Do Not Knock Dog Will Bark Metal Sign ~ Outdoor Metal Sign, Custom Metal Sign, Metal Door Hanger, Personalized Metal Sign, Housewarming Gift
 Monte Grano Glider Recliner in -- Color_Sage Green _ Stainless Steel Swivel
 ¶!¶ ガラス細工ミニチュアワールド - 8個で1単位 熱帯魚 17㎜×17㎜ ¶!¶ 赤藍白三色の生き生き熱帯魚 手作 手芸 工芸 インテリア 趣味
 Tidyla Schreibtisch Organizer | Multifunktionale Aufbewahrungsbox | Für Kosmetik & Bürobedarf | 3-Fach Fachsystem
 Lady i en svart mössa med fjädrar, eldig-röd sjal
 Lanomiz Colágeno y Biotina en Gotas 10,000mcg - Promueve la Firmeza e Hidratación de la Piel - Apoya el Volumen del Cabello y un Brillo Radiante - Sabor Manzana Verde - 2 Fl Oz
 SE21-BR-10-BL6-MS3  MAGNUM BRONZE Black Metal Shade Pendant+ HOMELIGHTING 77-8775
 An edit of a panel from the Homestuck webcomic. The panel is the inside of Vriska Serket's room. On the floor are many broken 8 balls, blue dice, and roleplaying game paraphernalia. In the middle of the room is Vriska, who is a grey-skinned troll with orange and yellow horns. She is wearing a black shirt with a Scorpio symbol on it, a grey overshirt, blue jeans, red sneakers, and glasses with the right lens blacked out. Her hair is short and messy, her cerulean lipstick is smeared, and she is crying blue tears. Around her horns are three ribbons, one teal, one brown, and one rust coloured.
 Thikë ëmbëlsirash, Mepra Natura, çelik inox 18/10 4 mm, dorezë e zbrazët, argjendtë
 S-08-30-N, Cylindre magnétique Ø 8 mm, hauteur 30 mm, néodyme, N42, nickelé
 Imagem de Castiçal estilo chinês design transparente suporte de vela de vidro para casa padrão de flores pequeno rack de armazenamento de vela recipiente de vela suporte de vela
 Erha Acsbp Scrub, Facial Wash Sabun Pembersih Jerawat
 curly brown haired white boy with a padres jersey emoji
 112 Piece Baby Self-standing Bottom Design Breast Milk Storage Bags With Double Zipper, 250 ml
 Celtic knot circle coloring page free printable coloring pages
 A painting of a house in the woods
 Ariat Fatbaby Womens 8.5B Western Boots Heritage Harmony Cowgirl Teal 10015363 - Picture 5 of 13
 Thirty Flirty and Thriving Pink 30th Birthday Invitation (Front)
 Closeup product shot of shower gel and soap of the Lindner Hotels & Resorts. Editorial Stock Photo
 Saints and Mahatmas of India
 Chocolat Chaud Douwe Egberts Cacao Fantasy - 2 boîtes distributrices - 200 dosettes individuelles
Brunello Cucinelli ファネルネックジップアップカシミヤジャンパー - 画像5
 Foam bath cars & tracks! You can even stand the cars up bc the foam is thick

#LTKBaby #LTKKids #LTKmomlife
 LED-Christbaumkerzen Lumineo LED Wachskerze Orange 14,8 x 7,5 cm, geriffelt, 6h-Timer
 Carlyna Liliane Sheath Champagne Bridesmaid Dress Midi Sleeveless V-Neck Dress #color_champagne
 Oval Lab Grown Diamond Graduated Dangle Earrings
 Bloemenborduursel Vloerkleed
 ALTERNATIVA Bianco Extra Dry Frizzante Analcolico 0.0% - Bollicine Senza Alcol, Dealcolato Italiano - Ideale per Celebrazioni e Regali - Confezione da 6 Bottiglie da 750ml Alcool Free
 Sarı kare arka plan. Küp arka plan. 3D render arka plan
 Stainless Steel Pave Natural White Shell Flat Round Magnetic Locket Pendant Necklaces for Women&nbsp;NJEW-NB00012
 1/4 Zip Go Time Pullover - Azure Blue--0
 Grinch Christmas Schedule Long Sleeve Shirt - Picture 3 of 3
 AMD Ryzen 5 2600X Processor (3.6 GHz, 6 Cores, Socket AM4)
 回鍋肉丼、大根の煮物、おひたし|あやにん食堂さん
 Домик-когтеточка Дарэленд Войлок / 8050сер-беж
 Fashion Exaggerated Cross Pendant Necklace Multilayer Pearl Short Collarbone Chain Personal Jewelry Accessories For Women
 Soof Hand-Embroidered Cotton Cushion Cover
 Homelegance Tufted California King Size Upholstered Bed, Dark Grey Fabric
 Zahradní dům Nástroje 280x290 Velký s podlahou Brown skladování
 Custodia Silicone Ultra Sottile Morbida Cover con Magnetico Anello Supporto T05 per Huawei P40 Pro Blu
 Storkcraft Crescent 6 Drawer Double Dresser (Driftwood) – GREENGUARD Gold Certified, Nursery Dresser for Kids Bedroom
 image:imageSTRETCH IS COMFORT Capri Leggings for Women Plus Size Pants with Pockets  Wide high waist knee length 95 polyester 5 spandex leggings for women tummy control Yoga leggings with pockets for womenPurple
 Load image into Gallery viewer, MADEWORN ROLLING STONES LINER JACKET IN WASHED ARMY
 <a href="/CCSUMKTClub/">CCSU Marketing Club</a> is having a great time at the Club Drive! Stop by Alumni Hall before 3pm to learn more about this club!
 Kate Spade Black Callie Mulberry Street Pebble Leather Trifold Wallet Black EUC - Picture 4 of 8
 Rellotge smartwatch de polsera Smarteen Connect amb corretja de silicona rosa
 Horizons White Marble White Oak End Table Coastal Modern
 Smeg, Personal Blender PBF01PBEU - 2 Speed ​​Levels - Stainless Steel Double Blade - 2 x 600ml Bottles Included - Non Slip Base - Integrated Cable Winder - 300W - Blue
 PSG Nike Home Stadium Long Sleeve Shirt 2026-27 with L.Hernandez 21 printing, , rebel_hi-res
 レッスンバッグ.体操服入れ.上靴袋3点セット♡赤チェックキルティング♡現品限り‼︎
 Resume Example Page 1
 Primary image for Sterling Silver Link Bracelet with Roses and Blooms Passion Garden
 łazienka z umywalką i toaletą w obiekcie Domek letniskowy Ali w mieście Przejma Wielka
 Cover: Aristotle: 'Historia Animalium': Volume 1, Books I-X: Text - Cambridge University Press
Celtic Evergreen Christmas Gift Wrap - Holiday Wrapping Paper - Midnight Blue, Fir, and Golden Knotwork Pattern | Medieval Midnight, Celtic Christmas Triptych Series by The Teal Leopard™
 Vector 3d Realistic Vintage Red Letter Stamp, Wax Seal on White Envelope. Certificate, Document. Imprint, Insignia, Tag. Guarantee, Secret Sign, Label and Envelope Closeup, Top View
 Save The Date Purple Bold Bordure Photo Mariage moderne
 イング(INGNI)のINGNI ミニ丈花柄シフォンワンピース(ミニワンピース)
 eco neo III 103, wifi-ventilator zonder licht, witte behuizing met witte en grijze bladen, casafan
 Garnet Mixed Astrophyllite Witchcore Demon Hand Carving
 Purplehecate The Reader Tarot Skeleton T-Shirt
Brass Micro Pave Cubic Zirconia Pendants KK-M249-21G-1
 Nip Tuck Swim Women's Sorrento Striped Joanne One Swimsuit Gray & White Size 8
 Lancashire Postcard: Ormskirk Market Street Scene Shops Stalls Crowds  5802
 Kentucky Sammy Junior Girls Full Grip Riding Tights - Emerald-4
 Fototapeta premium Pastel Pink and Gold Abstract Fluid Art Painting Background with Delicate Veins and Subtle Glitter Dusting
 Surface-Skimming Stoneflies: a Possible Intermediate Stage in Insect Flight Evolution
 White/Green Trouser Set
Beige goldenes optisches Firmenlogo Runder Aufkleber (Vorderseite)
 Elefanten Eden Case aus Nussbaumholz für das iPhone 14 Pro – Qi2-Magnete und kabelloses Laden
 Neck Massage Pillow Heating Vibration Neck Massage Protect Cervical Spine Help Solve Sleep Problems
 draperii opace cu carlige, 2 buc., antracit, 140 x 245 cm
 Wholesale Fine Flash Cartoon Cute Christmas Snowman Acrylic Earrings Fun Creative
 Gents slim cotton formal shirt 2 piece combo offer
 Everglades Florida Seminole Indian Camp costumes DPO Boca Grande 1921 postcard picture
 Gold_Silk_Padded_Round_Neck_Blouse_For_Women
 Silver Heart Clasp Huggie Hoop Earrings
* * * * *
* [REQUIREMENT]:
Go through the records line by line, and copy each line that holds the string "Size".

* [SOLUTION FOR THIS EXERCISE]:
 Homelegance Tufted California King Size Upholstered Bed, Dark Grey Fabric
 image:imageSTRETCH IS COMFORT Capri Leggings for Women Plus Size Pants with Pockets  Wide high waist knee length 95 polyester 5 spandex leggings for women tummy control Yoga leggings with pockets for womenPurple
 Nip Tuck Swim Women's Sorrento Striped Joanne One Swimsuit Gray & White Size 8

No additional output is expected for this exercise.